TO DO — Somewhere below are a line with "تحصیل رشته حقوق در انگلستان تحصیل" and a later line with "Securities issues, June 2021". Output exactly those lines and all lines between them.
******************************
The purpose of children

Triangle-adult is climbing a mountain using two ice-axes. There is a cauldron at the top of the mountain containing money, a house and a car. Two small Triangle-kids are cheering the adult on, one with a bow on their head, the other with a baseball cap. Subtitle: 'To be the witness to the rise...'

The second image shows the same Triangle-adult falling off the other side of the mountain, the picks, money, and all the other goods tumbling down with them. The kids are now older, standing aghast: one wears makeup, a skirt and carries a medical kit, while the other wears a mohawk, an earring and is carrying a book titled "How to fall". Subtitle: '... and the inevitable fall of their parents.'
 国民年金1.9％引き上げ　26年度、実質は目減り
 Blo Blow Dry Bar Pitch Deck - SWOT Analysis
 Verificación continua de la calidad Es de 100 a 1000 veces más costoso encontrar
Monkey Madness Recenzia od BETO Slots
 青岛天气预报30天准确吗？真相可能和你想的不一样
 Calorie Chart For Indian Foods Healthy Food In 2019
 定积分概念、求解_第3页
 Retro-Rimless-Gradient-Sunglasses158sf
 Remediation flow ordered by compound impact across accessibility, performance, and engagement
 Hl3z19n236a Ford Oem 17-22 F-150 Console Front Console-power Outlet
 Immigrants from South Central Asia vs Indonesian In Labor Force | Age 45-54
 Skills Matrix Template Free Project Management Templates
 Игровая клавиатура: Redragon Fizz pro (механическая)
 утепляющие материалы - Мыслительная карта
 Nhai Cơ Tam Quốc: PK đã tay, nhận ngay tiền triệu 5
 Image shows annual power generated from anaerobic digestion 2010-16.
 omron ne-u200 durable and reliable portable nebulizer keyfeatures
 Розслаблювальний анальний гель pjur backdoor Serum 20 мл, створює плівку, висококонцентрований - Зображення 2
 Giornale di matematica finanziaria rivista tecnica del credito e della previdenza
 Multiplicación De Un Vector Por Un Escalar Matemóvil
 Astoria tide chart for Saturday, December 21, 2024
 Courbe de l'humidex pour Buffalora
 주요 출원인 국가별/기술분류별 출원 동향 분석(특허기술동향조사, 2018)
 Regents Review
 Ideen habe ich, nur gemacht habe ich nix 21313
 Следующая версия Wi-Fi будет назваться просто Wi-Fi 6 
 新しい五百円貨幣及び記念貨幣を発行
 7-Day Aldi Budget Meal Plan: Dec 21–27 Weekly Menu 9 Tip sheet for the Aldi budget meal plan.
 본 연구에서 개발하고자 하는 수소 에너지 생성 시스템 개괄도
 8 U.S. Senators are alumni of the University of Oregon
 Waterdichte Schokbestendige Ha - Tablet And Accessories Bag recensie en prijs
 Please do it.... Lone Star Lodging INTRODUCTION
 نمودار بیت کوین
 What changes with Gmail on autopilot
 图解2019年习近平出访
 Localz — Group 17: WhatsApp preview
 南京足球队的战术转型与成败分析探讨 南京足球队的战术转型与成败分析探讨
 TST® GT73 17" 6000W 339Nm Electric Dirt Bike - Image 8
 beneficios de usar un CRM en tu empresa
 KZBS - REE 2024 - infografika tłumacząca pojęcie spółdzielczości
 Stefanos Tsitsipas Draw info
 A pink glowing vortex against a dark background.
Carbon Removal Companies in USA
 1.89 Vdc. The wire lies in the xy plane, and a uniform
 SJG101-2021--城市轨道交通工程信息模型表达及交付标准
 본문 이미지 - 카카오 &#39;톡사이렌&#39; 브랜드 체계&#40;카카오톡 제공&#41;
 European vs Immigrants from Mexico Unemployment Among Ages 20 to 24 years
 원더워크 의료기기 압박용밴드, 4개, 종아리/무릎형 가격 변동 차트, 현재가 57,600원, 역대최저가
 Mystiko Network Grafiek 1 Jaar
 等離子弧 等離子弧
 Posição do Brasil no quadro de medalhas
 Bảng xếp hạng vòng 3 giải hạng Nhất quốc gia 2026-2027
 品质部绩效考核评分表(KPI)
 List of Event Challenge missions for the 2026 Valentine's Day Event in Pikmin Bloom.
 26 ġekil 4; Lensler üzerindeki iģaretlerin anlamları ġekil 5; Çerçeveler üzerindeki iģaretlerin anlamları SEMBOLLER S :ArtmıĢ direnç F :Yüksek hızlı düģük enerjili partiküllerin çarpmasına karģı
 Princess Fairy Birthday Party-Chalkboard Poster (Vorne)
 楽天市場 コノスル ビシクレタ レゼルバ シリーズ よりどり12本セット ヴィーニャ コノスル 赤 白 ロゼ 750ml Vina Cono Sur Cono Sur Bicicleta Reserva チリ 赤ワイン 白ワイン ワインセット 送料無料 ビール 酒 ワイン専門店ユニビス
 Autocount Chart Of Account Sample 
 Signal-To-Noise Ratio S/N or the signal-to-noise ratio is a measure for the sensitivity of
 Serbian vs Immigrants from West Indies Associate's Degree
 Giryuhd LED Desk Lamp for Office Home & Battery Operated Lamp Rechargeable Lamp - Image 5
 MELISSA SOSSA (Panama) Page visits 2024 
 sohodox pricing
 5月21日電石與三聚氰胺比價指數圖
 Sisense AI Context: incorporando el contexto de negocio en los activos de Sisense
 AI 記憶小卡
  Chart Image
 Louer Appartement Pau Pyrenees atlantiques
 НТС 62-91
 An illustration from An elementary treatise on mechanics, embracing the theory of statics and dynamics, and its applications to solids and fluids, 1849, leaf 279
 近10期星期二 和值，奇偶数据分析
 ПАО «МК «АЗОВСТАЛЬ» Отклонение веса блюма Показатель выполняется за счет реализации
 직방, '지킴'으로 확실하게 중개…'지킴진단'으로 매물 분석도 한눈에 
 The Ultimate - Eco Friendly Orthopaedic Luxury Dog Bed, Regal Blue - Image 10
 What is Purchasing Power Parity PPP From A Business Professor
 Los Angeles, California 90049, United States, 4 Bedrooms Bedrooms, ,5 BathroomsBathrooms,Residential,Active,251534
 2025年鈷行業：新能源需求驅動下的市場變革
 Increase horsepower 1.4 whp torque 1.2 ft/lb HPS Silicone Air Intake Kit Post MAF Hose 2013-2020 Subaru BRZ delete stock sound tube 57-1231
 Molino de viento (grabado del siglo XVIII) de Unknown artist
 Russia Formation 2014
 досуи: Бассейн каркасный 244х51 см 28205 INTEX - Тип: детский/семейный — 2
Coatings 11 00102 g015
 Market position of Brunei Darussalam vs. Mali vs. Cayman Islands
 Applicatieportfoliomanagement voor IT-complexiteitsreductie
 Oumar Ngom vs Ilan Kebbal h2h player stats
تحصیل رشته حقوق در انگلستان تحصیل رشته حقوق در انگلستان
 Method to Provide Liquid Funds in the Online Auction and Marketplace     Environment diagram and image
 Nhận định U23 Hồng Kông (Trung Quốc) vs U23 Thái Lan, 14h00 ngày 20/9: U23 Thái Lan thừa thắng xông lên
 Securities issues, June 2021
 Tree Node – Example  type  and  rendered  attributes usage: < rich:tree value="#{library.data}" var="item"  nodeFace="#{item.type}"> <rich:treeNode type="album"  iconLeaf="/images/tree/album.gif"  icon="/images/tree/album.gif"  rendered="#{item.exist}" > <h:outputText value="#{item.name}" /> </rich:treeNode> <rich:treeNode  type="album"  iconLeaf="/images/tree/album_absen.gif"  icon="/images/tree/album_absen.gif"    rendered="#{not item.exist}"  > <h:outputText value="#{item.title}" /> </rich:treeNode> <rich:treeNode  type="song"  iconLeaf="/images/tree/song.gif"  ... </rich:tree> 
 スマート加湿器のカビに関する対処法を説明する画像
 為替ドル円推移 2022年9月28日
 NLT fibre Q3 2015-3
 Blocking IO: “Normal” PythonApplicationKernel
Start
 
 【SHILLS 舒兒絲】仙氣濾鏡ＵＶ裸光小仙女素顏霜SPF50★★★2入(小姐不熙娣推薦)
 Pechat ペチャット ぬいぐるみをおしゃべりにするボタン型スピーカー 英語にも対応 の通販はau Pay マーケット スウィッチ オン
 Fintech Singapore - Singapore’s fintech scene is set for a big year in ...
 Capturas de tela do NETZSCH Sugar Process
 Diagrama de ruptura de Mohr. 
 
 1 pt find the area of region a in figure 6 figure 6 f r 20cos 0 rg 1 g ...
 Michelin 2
******************************
WRITTEN SOLUTION —
تحصیل رشته حقوق در انگلستان تحصیل رشته حقوق در انگلستان
 Method to Provide Liquid Funds in the Online Auction and Marketplace     Environment diagram and image
 Nhận định U23 Hồng Kông (Trung Quốc) vs U23 Thái Lan, 14h00 ngày 20/9: U23 Thái Lan thừa thắng xông lên
 Securities issues, June 2021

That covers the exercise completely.